Jak poinformował kpt. Dariusz Kudlewski z Sekcji Informacyjno-Prasowej PKW Afganistan, żołnierze Operacyjnego Zespołu Doradczo-Łącznikowego POMLT z bazy Qarabagh wykonywali zadanie patrolowe wspólnie z afgańską policją. Podczas przejazdu kolumny pod jednym z Kołowych Transporterów Opancerzonych Rosomak eksplodowała mina-pułapka.

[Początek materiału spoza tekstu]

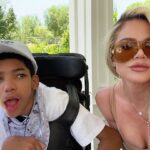 Khloé Kardashian Instagram – Someone is 17 today!!!! Happy birthday sweet sweet Amari!!! We are all so blessed to have been touched by an angel such as you 🩵 you are truly one of Gods greatest treasures 🩵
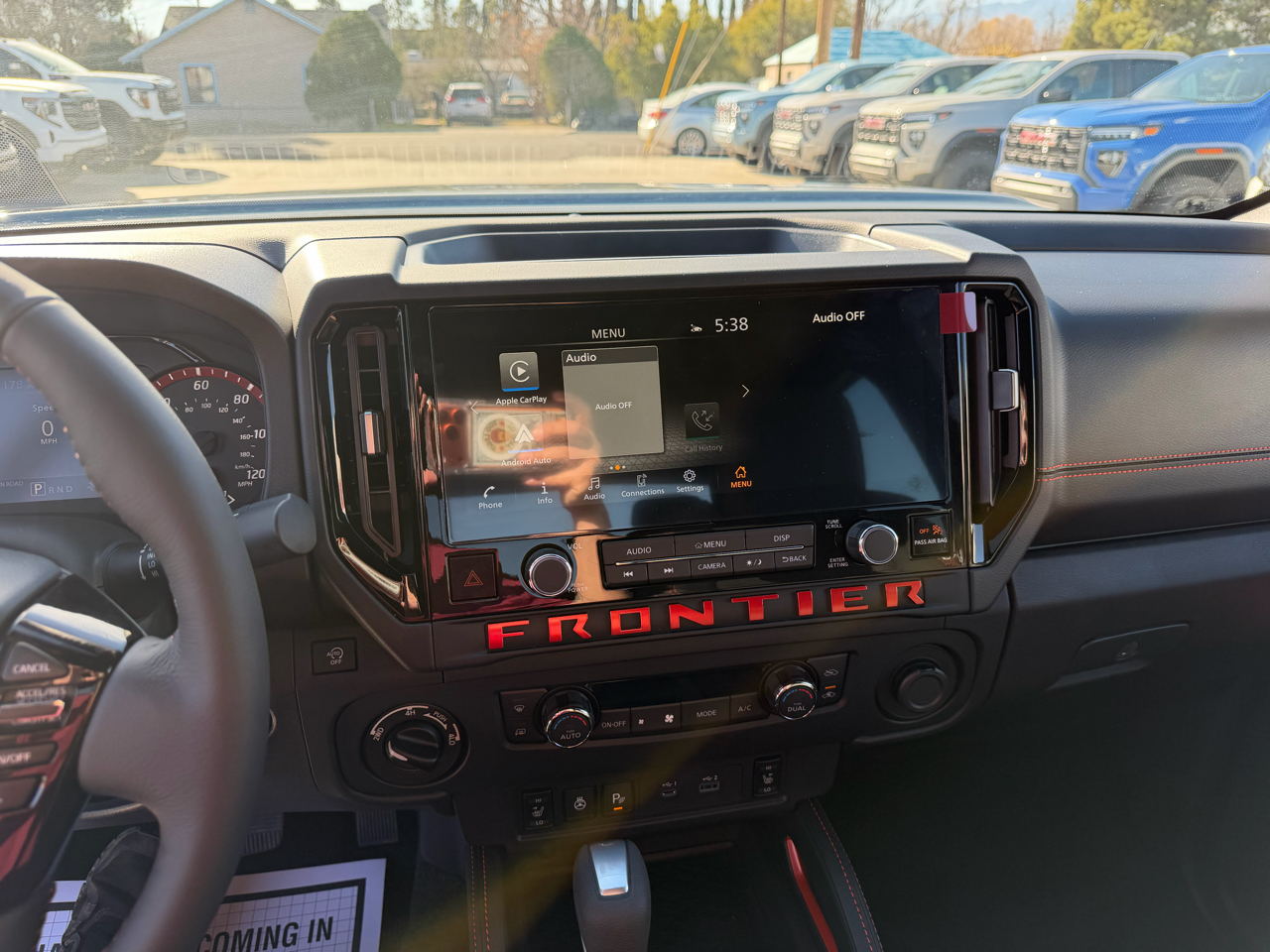 Nissan Frontier Crew Cab 4x4 PRO-4X 2026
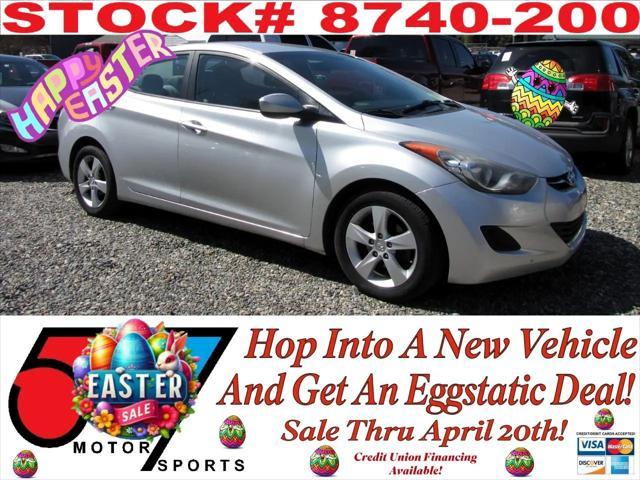 used 2013 Hyundai Elantra car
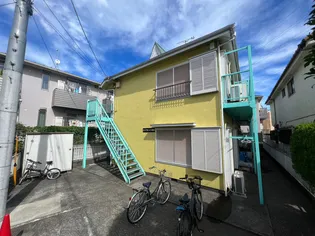 オークラハイツ横浜【2階】の外観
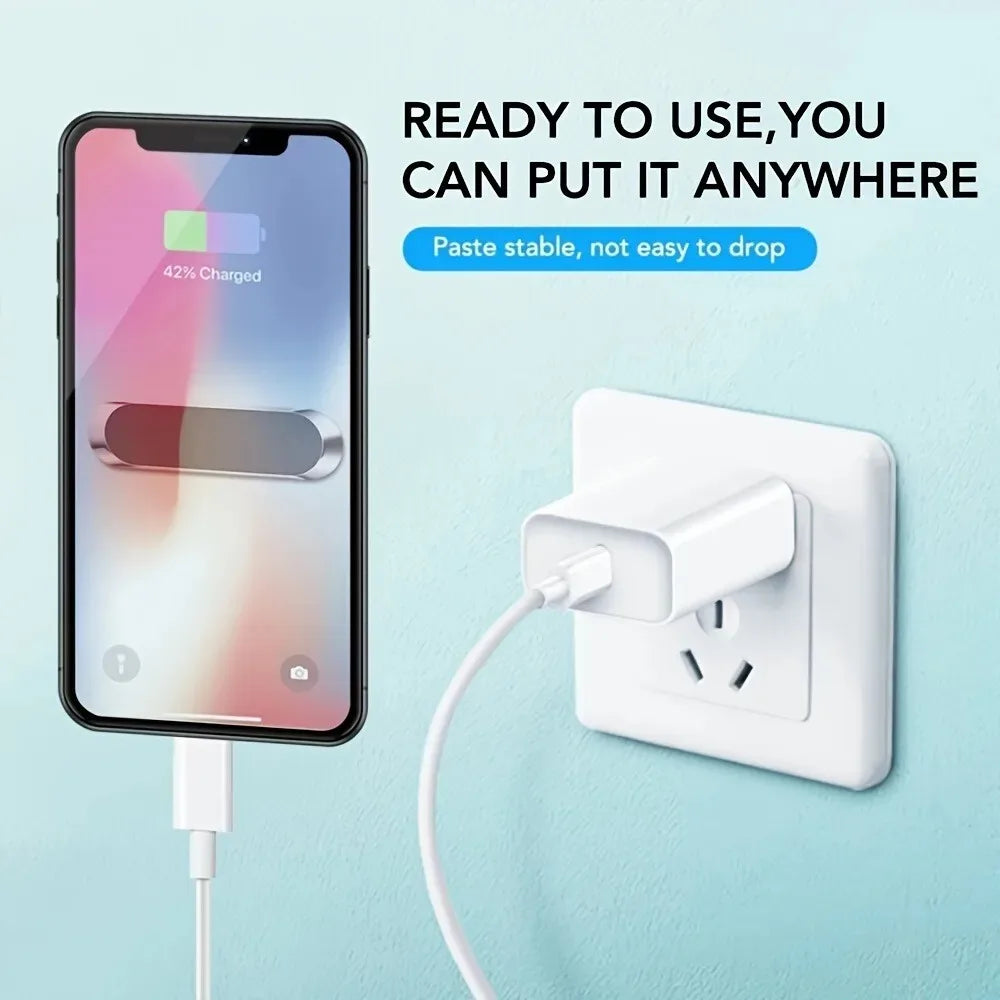 Magnetischer Autotelefon halter geeignet für iPhone Xiaomi Huawei Handy halter Armaturen brett Wand Auto Magnet Aufkl...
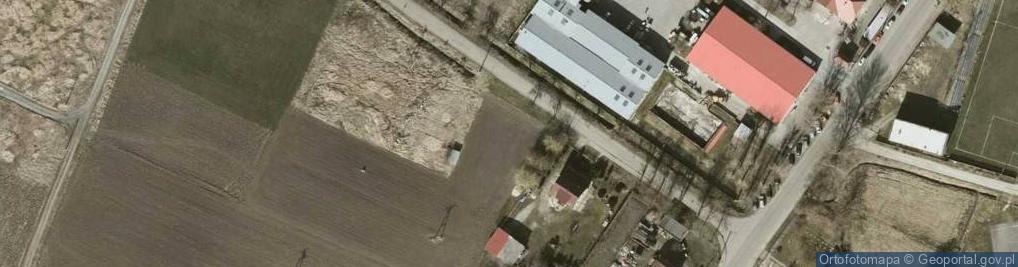 Zdjęcie satelitarne Ślężna ul.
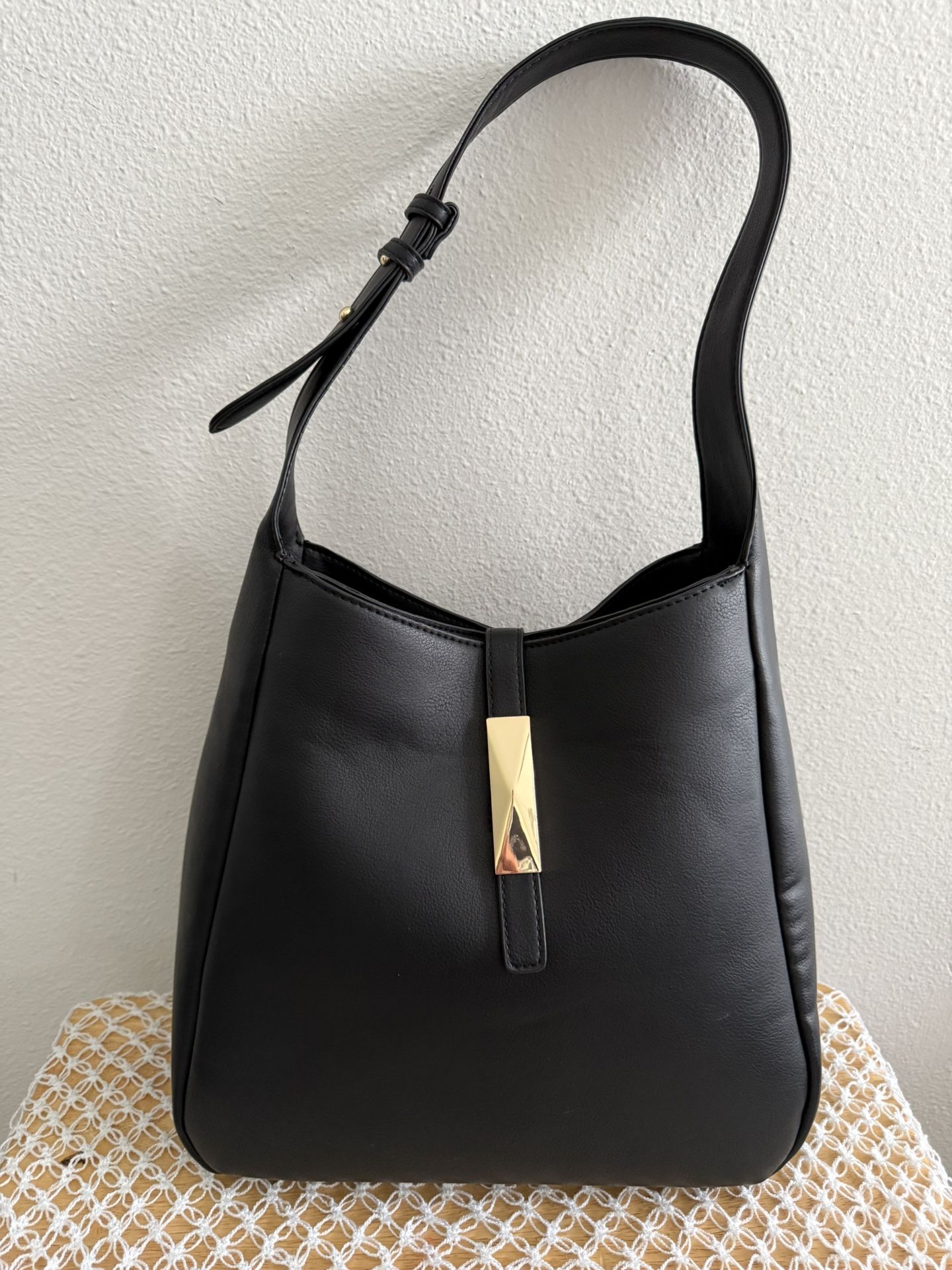 I.N.C Black Shoulder Bag/ Purse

Na miejsce zdarzenia natychmiast zostały wezwane śmigłowce ewakuacji medycznej, a także Siły Szybkiego Reagowania (lądowy i powietrzny patrol QRF). Ranni i poszkodowani drogą lotniczą zostali przetransportowani do szpitala polowego w Sharanie, a następnie do szpitala koalicyjnego, w Bagram. Rodziny poległych i poszkodowanych zostały powiadomione o zdarzeniu. Minister Obrony Narodowej Bogdan Klich w imieniu swoim i premiera złożył kondolencje rodzinom poległych.
St. szer. Marcin Pastusiak jest 23. polskim żołnierzem, który poległ w Afganistanie. Służył w Oddziale Specjalnym Żandarmerii Wojskowej w Mińsku Mazowieckim. Była to jego druga misja zagraniczna, w 2008 r. służył w Libanie. Był kawalerem, miał 26 lat. Marcin Knap był ratownikiem medycznym. Miał 34 lata. Pozostawił żonę. Jest pierwszym cywilem, który zginął w Afganistanie.
W sobotę w godzinach porannych, w innej części prowincji, polscy żołnierze udzielili pomocy afgańskiej ludności cywilnej, która została zaatakowana przez talibów. W wyniku ataku moździerzowego ucierpiały kobiety i dzieci, które aktualnie są pod opieką medyczną polskich lekarzy w szpitalu w Ghazni. Jak informuje PKW Afganistan, na terenie prowincji Ghazni pomimo zimy trwają intensywne działania antyrebelianckie. Żołnierze polskiej brygadowej grupy bojowej podczas prowadzonych od początku roku operacji zatrzymali kilkudziesięciu rebeliantów, a kilkunastu poległo w walce.